However, what I think is disturbing to us on this side of the House is that, both on Second Reading and certainly on Third Reading, the Government Minister, the right hohourable Mr. Freeson, indicated that in fact a more comprehensive measure should follow; and if I heard the noble Baroness correctly, I think she repeated this statement. At any rate, on the 27th June, at column 132 of the Official Report of the proceedings in another place, Mr. Freeson said:As I indicated on Second Reading, I hope that before too long we shall be able to introduce the comprehensive measure that we had originally intended".So I think there is no doubt at all that this is simply a forerunner, or holding measure, to something of the nature of the Bill originally intended by the Government.
I was therefore surprised to hear that the Government believed that we should have no objections to this, and that it would have a straightforward passage through this House. I think I should make it clear right at the outset that we are in principle opposed to direct labour departments in local authorities, and we are 495 certainly opposed to any extension of this form of direct labour because it is, in effect, the nationalisation of the building industry by the back door. It is, I believe, very difficult to make out a case for direct labour building departments as such. I think it is perfectly possible for a local authority to have some direct labour for certain jobs which it would be extremely difficult to get done in any other way than by a local authority. The kind of jobs I am referring to are the gritting of roads in the winter time, and the rather unusual but difficult jobs that have to be done at particular times. But to have building works departments which are in direct competition with private industry seems to us absurd.
It is particularly absurd at a time when local authorities are under such acute financial pressures and when they already have enormous responsibilities which they must undertake. District councils, after all, have very considerable environmental responsibilities, frequently recreational responsibilities, responsibilities for museums and libraries, and so on. To undertake work which could be done by private enterprise seems an absurd way to spend public money.
Furthermore, at this particular time it is a very depressing state of affairs. There are now 204,000 unemployed in the building industry in this country, and I believe this constitutes one-fifth of the total unemployed in this country. It is true that there has been a very slight drop in the figures from February. This is almost inevitable, of course, as figures for construction work always alter in the summer time. Nevertheless, the figures indicate that the unemployment in the building industry is more than just a seasonal matter, and is therefore a very serious matter indeed for the country as a whole. At the same time, over the last two years there have been 2,500 company failures in the building industry, brought about by the general recession. I do not believe anyone can take any pride, either in the unemployment figures or in the business failures. They both indicate the sorry state to which this country has been reduced. What I think underlines them is that it is only by the support of private firms, of private enterprise, that wealth is created in this country to support the very services which local authorities must 496 and, indeed, do run. To take away from them by setting up in competition, often in unfair competition, is not a sensible thing for the country to do and is not something which ought in any way to be encouraged because, of course, in almost every case it is a most wasteful exercise.
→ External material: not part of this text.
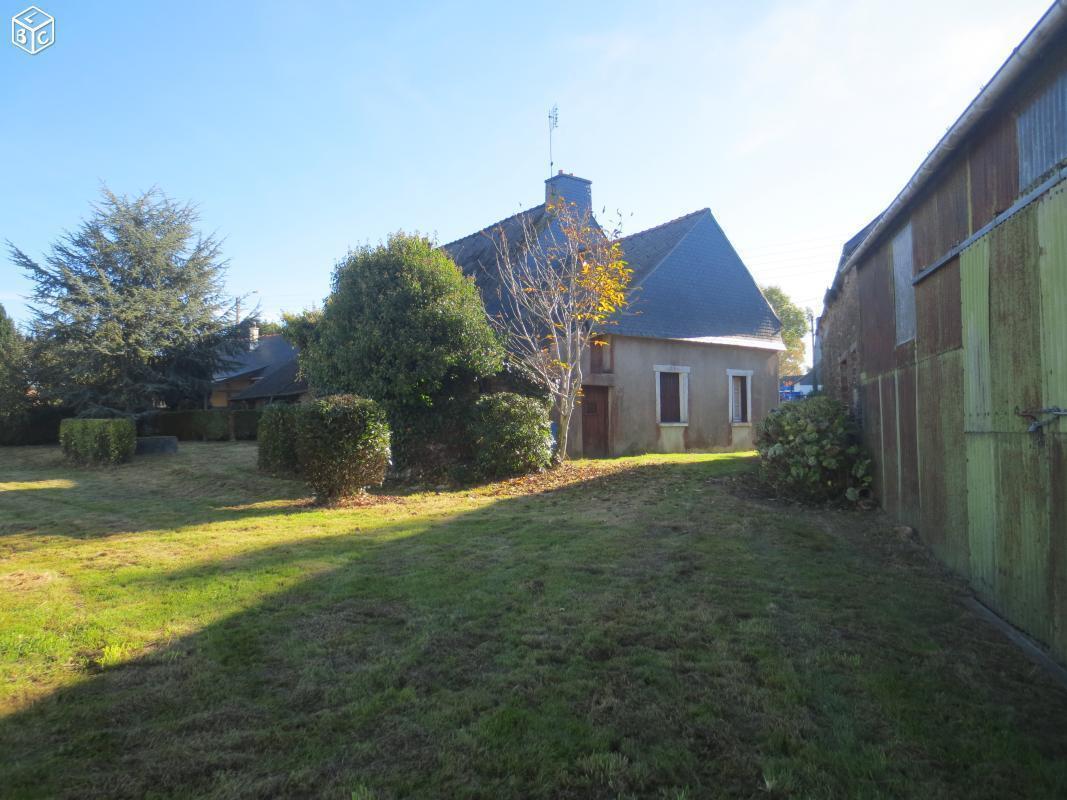 2 maisons longère +dépendances en pierre plate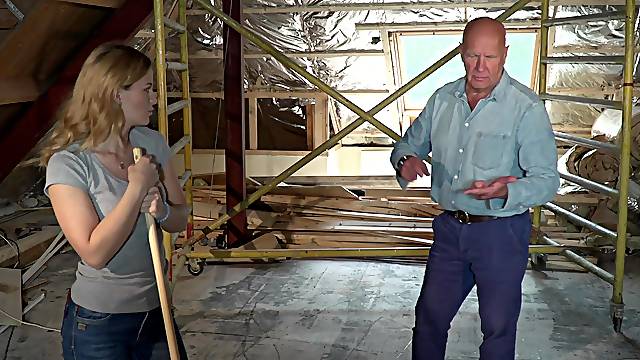 Sweetie Swallows The Old Man's Sperm After Trying Sex With Him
Many examples have been given of waste by direct building departments, but perhaps I might just say that the fact that there is absolutely no incentive for a direct labour department to be efficient, as of course it cannot go bankrupt, is one of the major difficulties which they are up against. If one considers the fact that last year, for example, the Government-supported National Building Agency produced a report showing that the Camden Borough Council may have lost up to £1 million because of the work done by its direct labour department, this, I think, is a deplorable and shocking event—and this particular example can be repeated time after time in the country. A report in the Evening News only two days ago indicated that, in Wandsworth, repairs to one house have cost the council thousands of more pounds than was necessary, and questions are obviously being asked in that council as to what is going on.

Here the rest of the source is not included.